Smart contracts (SCs), self-executing digital contracts deployed on blockchain networks, are becoming increasingly more prevalent in various sectors, such as finance, thanks to their automation, transparency, and cost efficiency. Given the substantial size of assets managed by them, SCs have become attractive targets for hackers, who exploit vulnerabilities in them to steal funds. Blockchain’s inherent immutability means vulnerabilities cannot be fixed quickly, and the immaturity of the Solidity programming language, which introduces potential security threats to SCs, exacerbates this problem. As such, there is a pressing need to develop security measures to identify vulnerabilities in SCs. Non-learning-based detection methods utilizing heuristics designed by experts often cannot handle the evolving complexity of SC vulnerabilities. In contrast, though typically outperforming non-learning-based solutions, learning-based solutions generally do not pinpoint the locations of vulnerabilities in SCs.
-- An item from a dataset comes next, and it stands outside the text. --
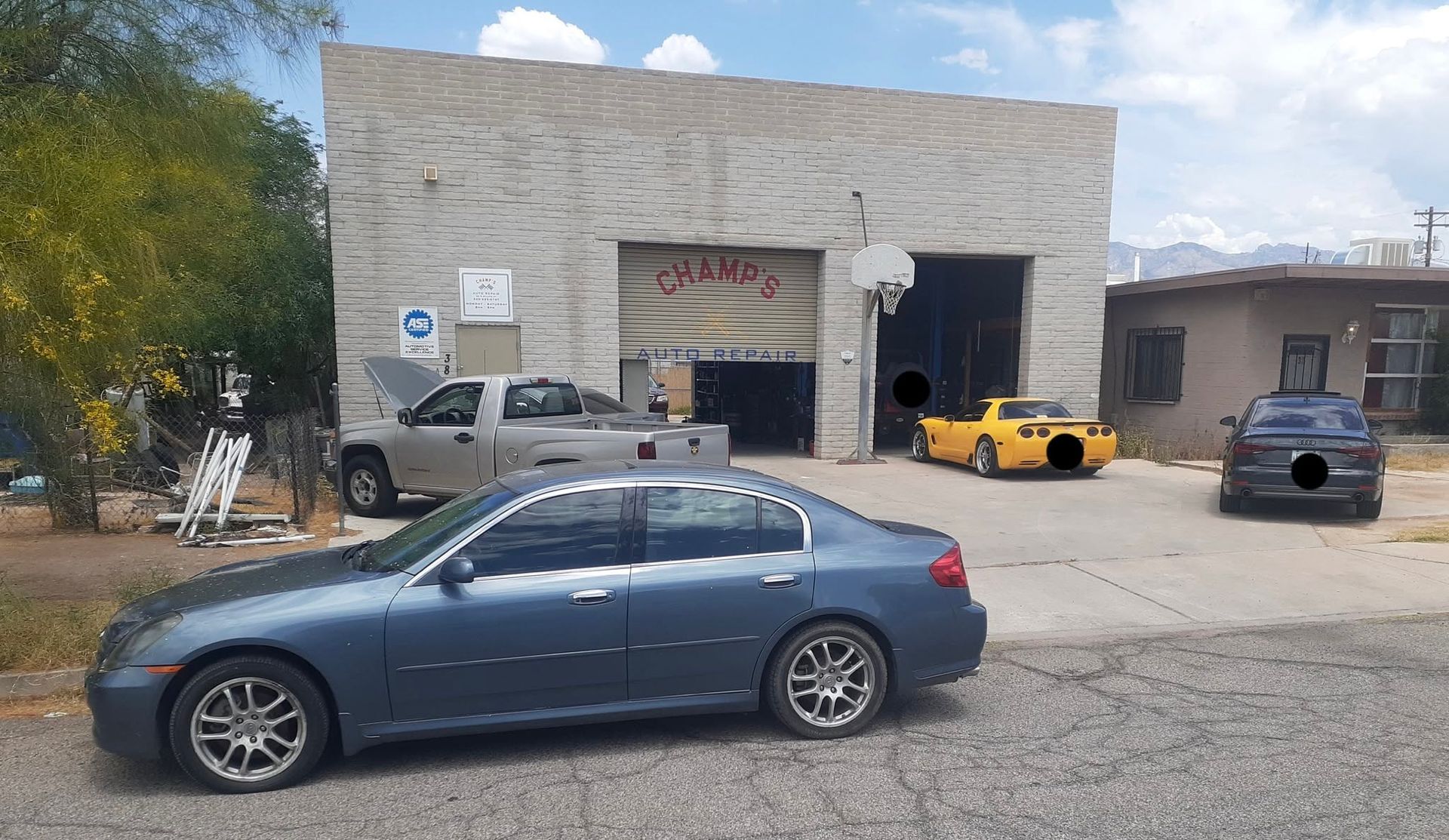 Champs Auto Repair Building And Customer Vehicles In Tucson, AZ | Champs Auto Repair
Learning-based approaches that identify the locations of vulnerabilities come with several challenges: First, they convert SCs into graphs, incurring computational overhead and making the learning system more complex. Second, most require line- or function-level labels to be trained, which are difficult to gather. Lastly, their coverage of vulnerability types is not extensive, exposing the user to vulnerabilities not covered by them. This work presents SCsVulSegLytix, a learning-based approach for detecting and extracting vulnerable segments in SCs. SCsVulSegLytix uses a source code-based Transformer model trained with contract-level labels to classify entire contracts as vulnerable, followed by a post-hoc interpretability method to extract vulnerable segments in SCs according to relevance scores. Unlike previous extraction models, SCsVulSegLytix requires no line-level annotations and can be trained using contract-wide labels only, which are much easier to collect. Moreover, it operates directly on Solidity source code, substantially improving efficiency compared to expensive graph-based models. Finally, it extends support to several important classes of SC vulnerabilities, meaning developers are protected against various potential attacks. Experiments show that our model outperforms existing models concerning both contract- and line-level vulnerability identification while achieving greater computation efficiency.

查看原文本刊更多论文

SCsVulSegLytix：使用弱监督学习从智能合约中检测和提取易受攻击的部分

智能合约（SCs）是部署在区块链网络上的自动执行数字合约，由于其自动化、透明度和成本效率，在金融等各个领域变得越来越普遍。鉴于这些公司管理的资产规模庞大，它们已成为黑客的诱人目标，黑客利用这些公司的漏洞窃取资金。区块链固有的不变性意味着漏洞不能快速修复，而Solidity编程语言的不成熟，给sc带来了潜在的安全威胁，加剧了这个问题。因此，迫切需要制定安全措施来识别SCs中的漏洞。利用专家设计的启发式算法的非基于学习的检测方法往往无法处理SC漏洞不断变化的复杂性。相比之下，尽管基于学习的解决方案通常优于非基于学习的解决方案，但基于学习的解决方案通常无法精确定位SCs中的漏洞位置。识别漏洞位置的基于学习的方法面临几个挑战：首先，它们将sc转换为图形，这会产生计算开销，并使学习系统更加复杂。其次，大多数需要训练行级或函数级标签，这很难收集。最后，它们对漏洞类型的覆盖范围不广，使用户暴露在它们未涵盖的漏洞中。这项工作提出了SCsVulSegLytix，一种基于学习的方法，用于检测和提取SCs中的脆弱片段。SCsVulSegLytix使用一个基于源代码的Transformer模型，该模型经过合约级别标签的训练，将整个合约分类为易受攻击的，然后使用一种事后可解释性方法，根据相关分数提取sc中的易受攻击部分。与以前的提取模型不同，SCsVulSegLytix不需要行级注释，并且可以仅使用契约范围的标签进行训练，这更容易收集。此外，它直接在Solidity源代码上运行，与昂贵的基于图的模型相比，大大提高了效率。最后，它扩展了对几个重要的SC漏洞类的支持，这意味着开发人员可以免受各种潜在的攻击。实验表明，我们的模型在契约级和行级漏洞识别方面都优于现有的模型，同时获得了更高的计算效率。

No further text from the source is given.